EXERCISE DATA.
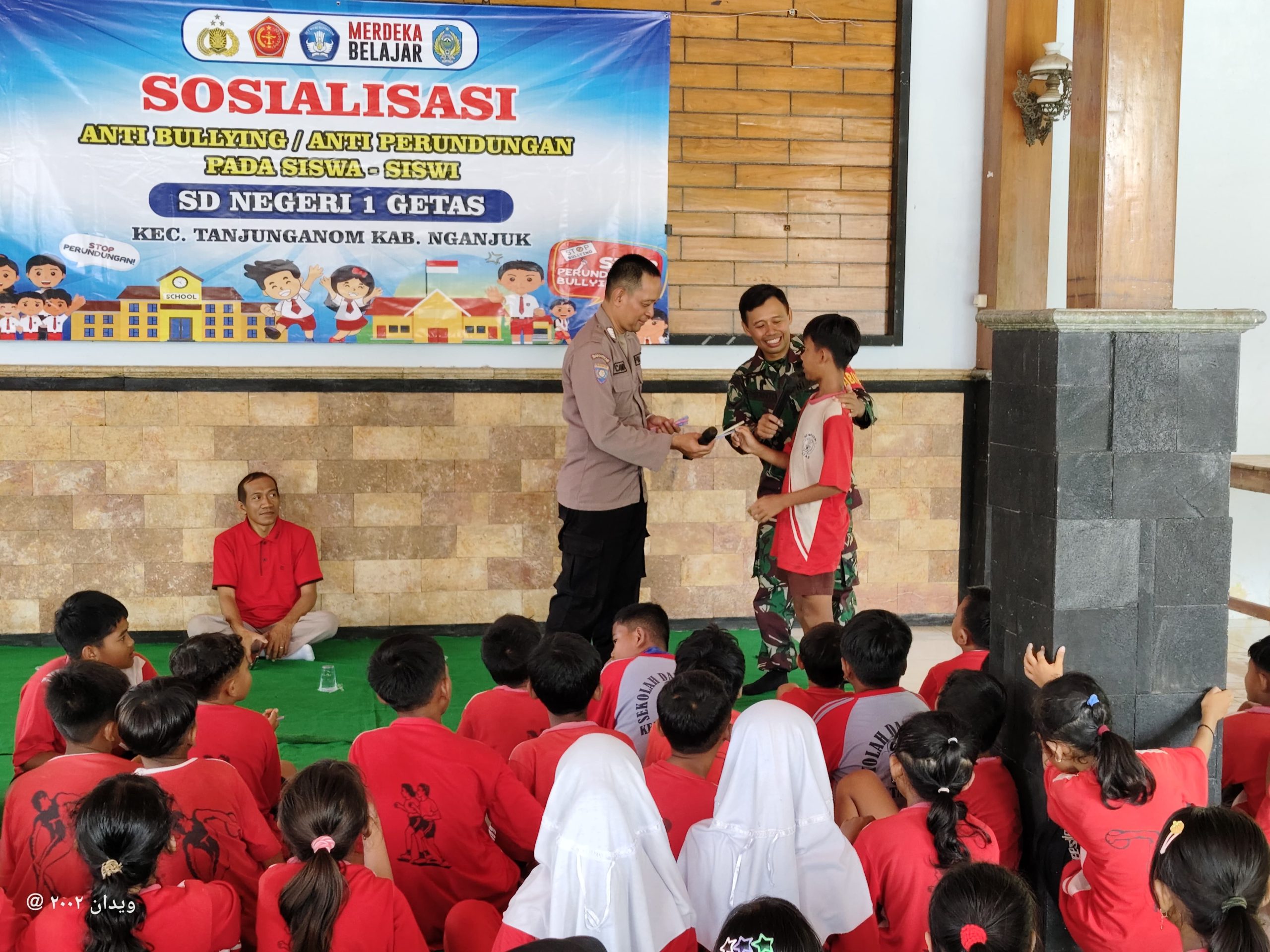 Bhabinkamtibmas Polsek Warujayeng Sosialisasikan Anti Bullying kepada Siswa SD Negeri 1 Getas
==
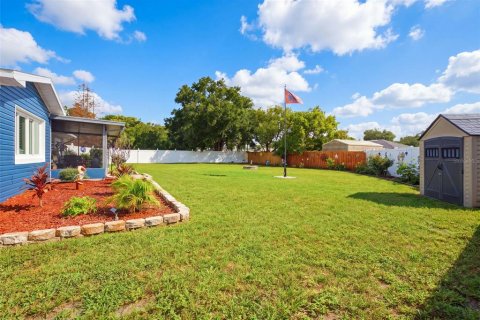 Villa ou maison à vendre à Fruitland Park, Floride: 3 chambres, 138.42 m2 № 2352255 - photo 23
==
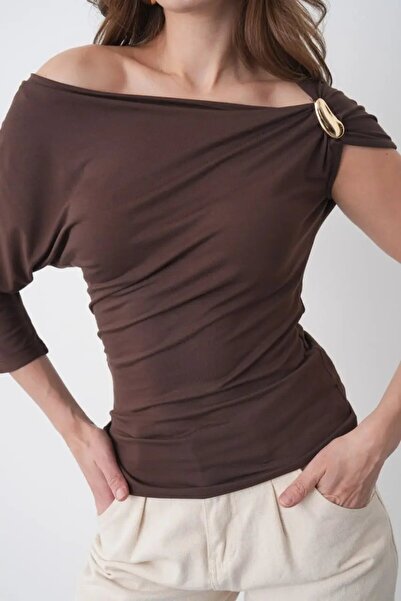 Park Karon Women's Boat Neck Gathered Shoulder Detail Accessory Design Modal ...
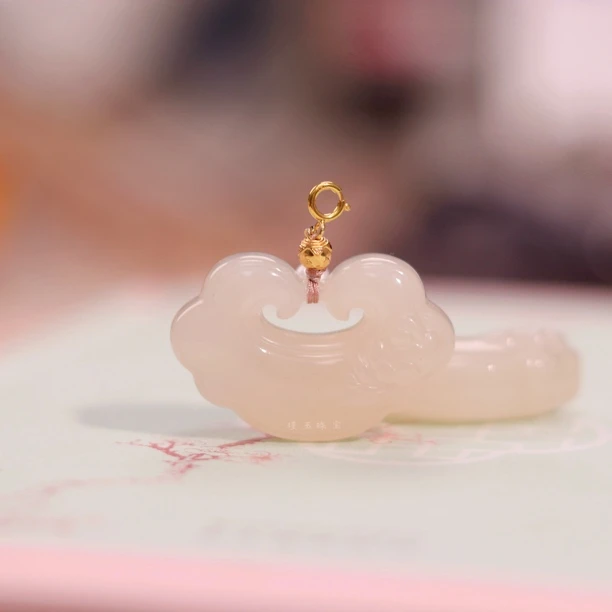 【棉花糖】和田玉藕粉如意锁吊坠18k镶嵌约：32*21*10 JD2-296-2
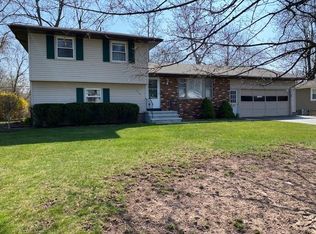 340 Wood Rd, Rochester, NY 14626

WHAT THE TASK ASKS. In the listing above, find the line with "Park Karon Women's" and the line with "340 Wood Rd, Rochester, NY 14626". Copy exactly those lines and all between them, minus the images.

SOLUTION FOR THIS TASK.
 Park Karon Women's Boat Neck Gathered Shoulder Detail Accessory Design Modal ...
 【棉花糖】和田玉藕粉如意锁吊坠18k镶嵌约：32*21*10 JD2-296-2
 340 Wood Rd, Rochester, NY 14626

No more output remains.